_Task to carry out_
Which lines run from the line with "CCGL61500BK10 Usb-kabel |" through the line with "Ion Plating(IP) 201" in the entries below? Print them exactly, both ends included, and nothing more.

_Given data_
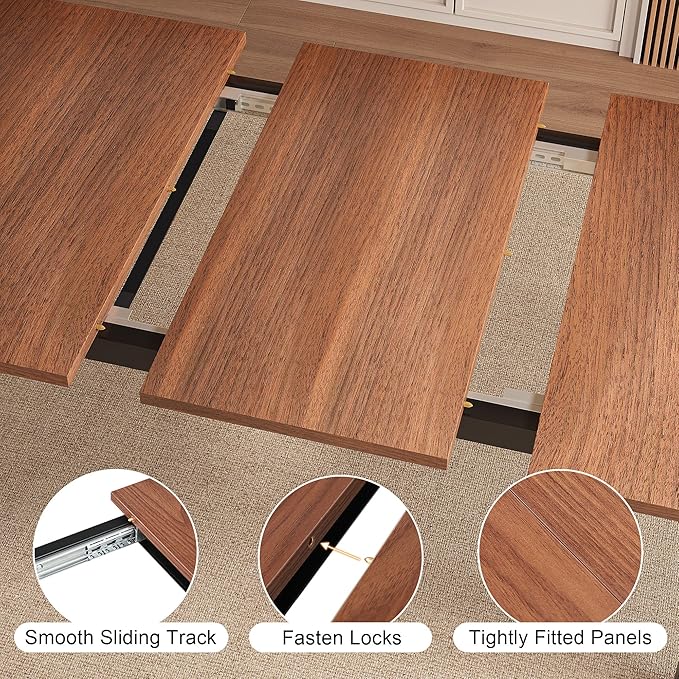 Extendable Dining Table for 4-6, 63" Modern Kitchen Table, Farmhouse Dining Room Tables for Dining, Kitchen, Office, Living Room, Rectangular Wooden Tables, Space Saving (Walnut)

---

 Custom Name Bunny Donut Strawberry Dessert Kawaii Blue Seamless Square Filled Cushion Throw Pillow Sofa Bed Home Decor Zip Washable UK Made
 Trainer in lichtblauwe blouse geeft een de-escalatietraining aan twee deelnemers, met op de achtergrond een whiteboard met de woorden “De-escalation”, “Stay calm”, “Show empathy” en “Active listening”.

---

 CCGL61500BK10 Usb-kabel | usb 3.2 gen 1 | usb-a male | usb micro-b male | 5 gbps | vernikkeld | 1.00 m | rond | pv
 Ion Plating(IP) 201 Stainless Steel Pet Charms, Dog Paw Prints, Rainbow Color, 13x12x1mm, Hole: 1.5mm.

_Answer section_
 CCGL61500BK10 Usb-kabel | usb 3.2 gen 1 | usb-a male | usb micro-b male | 5 gbps | vernikkeld | 1.00 m | rond | pv
 Ion Plating(IP) 201 Stainless Steel Pet Charms, Dog Paw Prints, Rainbow Color, 13x12x1mm, Hole: 1.5mm.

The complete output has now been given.